[Exercise material Boundary: Start]
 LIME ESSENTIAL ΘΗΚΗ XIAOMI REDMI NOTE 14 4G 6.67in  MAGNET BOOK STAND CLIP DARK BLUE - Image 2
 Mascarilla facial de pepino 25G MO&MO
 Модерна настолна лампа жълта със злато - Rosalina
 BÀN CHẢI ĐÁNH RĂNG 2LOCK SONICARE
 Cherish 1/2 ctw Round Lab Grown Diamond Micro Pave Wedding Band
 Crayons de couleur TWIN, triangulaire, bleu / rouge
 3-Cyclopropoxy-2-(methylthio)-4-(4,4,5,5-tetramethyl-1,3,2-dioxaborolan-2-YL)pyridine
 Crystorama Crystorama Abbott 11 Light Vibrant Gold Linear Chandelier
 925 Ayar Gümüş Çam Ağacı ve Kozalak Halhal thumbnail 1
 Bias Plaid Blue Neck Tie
[Exercise material Boundary: End]
[Exercise material Boundary: Start]
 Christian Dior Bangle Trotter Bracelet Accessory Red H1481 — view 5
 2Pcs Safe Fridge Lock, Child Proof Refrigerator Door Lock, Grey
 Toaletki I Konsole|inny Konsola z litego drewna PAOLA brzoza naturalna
[Exercise material Boundary: End]
Activity: Please output the lines of the listing above that fall in the stretch from the one with "LIME ESSENTIAL ΘΗΚΗ" through the one with "Bias Plaid Blue Neck Tie", exactly and only those.

Exercise output:
 LIME ESSENTIAL ΘΗΚΗ XIAOMI REDMI NOTE 14 4G 6.67in  MAGNET BOOK STAND CLIP DARK BLUE - Image 2
 Mascarilla facial de pepino 25G MO&MO
 Модерна настолна лампа жълта със злато - Rosalina
 BÀN CHẢI ĐÁNH RĂNG 2LOCK SONICARE
 Cherish 1/2 ctw Round Lab Grown Diamond Micro Pave Wedding Band
 Crayons de couleur TWIN, triangulaire, bleu / rouge
 3-Cyclopropoxy-2-(methylthio)-4-(4,4,5,5-tetramethyl-1,3,2-dioxaborolan-2-YL)pyridine
 Crystorama Crystorama Abbott 11 Light Vibrant Gold Linear Chandelier
 925 Ayar Gümüş Çam Ağacı ve Kozalak Halhal thumbnail 1
 Bias Plaid Blue Neck Tie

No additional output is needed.